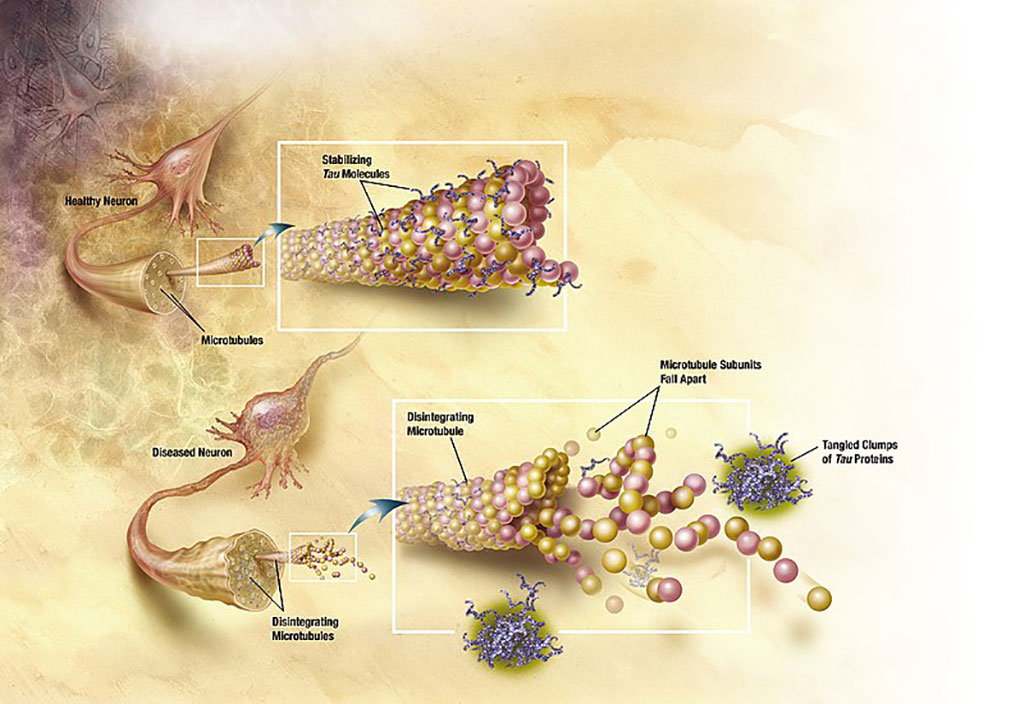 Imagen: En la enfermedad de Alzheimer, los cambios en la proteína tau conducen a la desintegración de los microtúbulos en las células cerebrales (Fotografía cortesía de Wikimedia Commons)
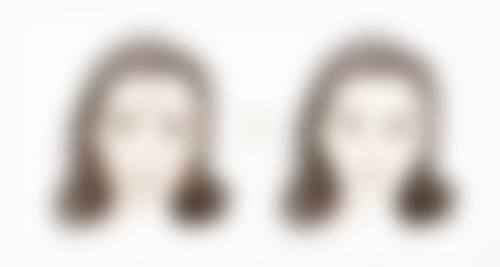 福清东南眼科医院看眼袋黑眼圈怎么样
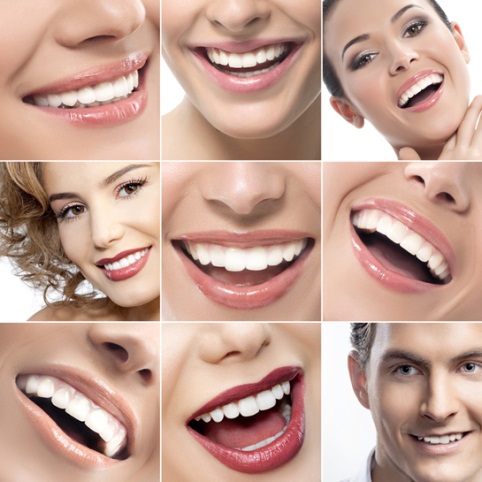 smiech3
━━━━━━━━━━━━━━━━━━━━━━━━━━━━━━
**Exercise objective**
Every line of the material must be returned exactly; leave the images out.

**Response to the exercise**
 Imagen: En la enfermedad de Alzheimer, los cambios en la proteína tau conducen a la desintegración de los microtúbulos en las células cerebrales (Fotografía cortesía de Wikimedia Commons)
 福清东南眼科医院看眼袋黑眼圈怎么样
 smiech3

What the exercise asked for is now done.